Jacques-Timothe Boucher Sieur de Montbrun (anglicized to Demonbreun soon thereafter), born 1747 in Quebec, set the bar for country music’s stories of cheating, gambling, drinking, and being the boss more than two centuries before anybody thought of supporting the storyline with a 1-4-5-4 chord progression and a fiddle.

Lightly called a fur trader, he came to the city to make his fortune and fame, much like songwriters today. Looking back, it would be easy to call Demonbreun, the son of French Canadian near-royalty and brother to two nuns, a spoiled child who did what he wanted, a classic-case misogynist and polygamist, a conceited adventurer.
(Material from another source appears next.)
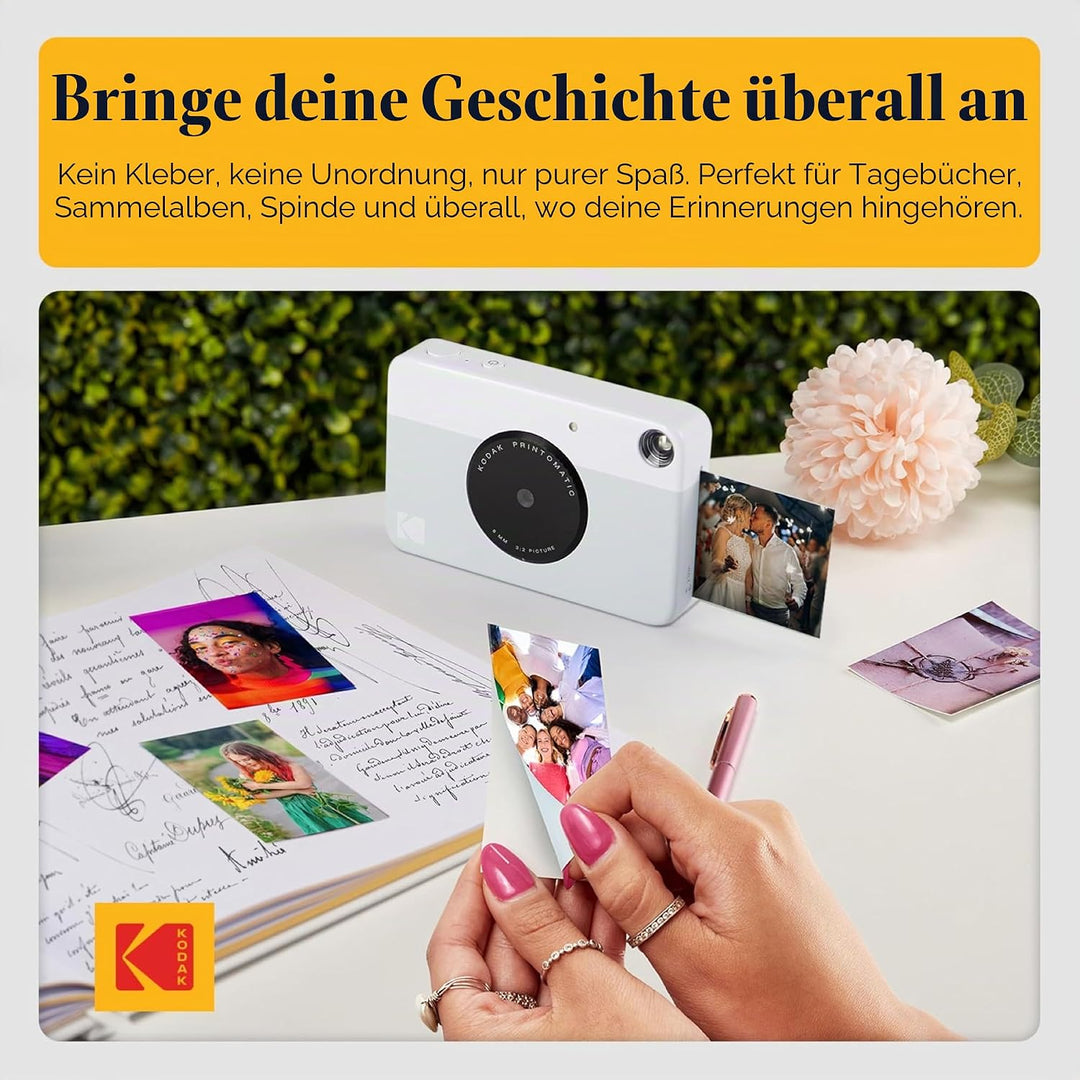KODAK Printomatic Vollfarb-Sofortdruckkamera-Geschenkpaket + Softcase + Zink 2x3 Zoll selbstklebende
He was a man who conned the Spanish governor out of a war, carried on graceful correspondence with Thomas Jefferson and Alexander Hamilton, owned several slaves, may have served as a spy, and was a decorated veteran. He fought in the Revolutionary War, extraordinarily so it seems, given the number of land grants he received across Kentucky and Tennessee.

He’s also known around Nashville as the guy who lived in a cave.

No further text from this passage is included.